# Dataset section:
----
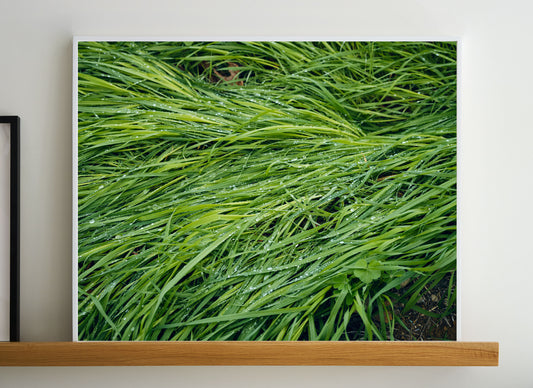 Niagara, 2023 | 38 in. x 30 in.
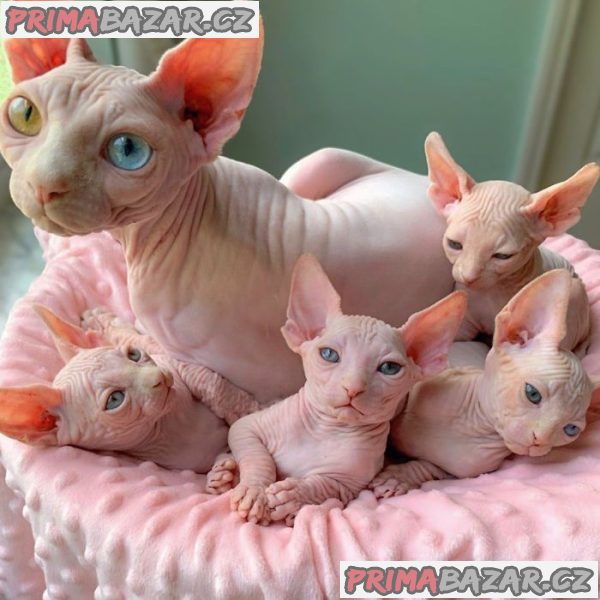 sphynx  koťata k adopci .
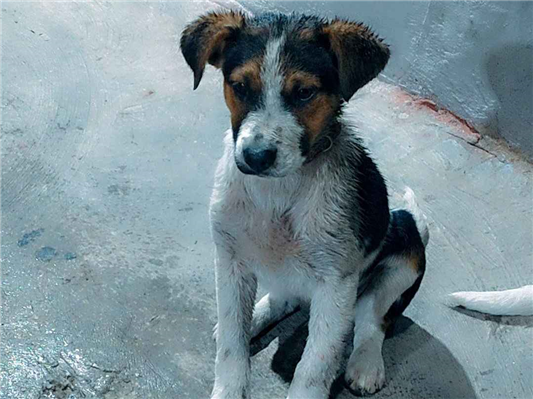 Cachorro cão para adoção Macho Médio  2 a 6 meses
----
# Prompt:
Go through the listing and restate each line word for word, leaving out the pictures.

# Answer below:
 Niagara, 2023 | 38 in. x 30 in.
 sphynx  koťata k adopci .
 Cachorro cão para adoção Macho Médio  2 a 6 meses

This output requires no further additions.